【子どものお金教育|第4回】ラーメン屋さんは会社員?自営業?経営者?投資家?――学校では教えてくれない「もう一つの仕事の選び方」
前回の記事では、「1億円あったら、もう働かなくていい?」という話から、「お金に働いてもらう」という考え方について書きました。
・自分が働く。
・人や仕組みに働いてもらう。
・お金そのものに働いてもらう。
世の中には、「会社で働いて給料をもらう」以外にも、お金を生み出す方法があります。
それについてさらに深掘りするため、クイズから考えてみます。
いきなり4択クイズ。
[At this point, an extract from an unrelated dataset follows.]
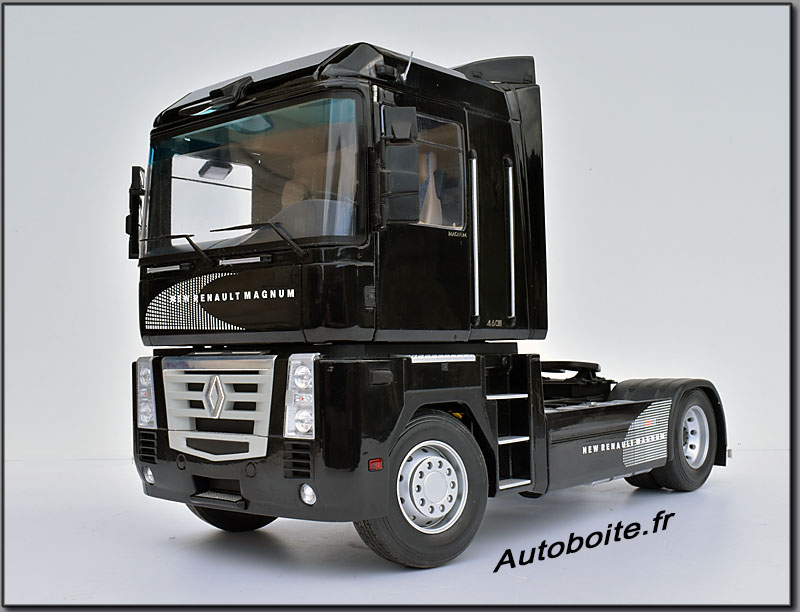 magnum gauche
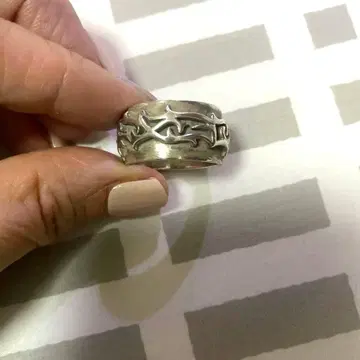 silver925 실버925 반지 19.5호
お金のもらい方:ラーメン屋さんはどれ?
君が将来、ラーメン屋さんの仕事をするとします。
まず、お金のもらい方には大きく4つのタイプがあります。
・E=会社やお店に雇われて働く人(会社員・従業員)
・S=自分の力で仕事をして稼ぐ人(自営業・フリーランス)
・B=人や仕組みに働いてもらう人(経営者・ビジネスオーナー)
・I=お金を使ってお金を増やす人(投資家)
さて、ラーメン屋さんは次のどれでしょう?
・E=会社員・従業員
・S=自営業・フリーランス
・B=経営者・ビジネスオーナー
・I=投資家
・・・・
・・・・
・・・・
正解は、
全部です。
「えっ、ラーメン屋さんなのに全部?」と思うかもしれません。
でも、同じラーメンの世界でも、「どうやってお金を得るか」によって全然違います。

同じラーメン屋でも、4つの生き方がある
1.E(従業員)
人気のラーメン屋さんに就職して、給料をもらいながら働く。これは、E(従業員)です。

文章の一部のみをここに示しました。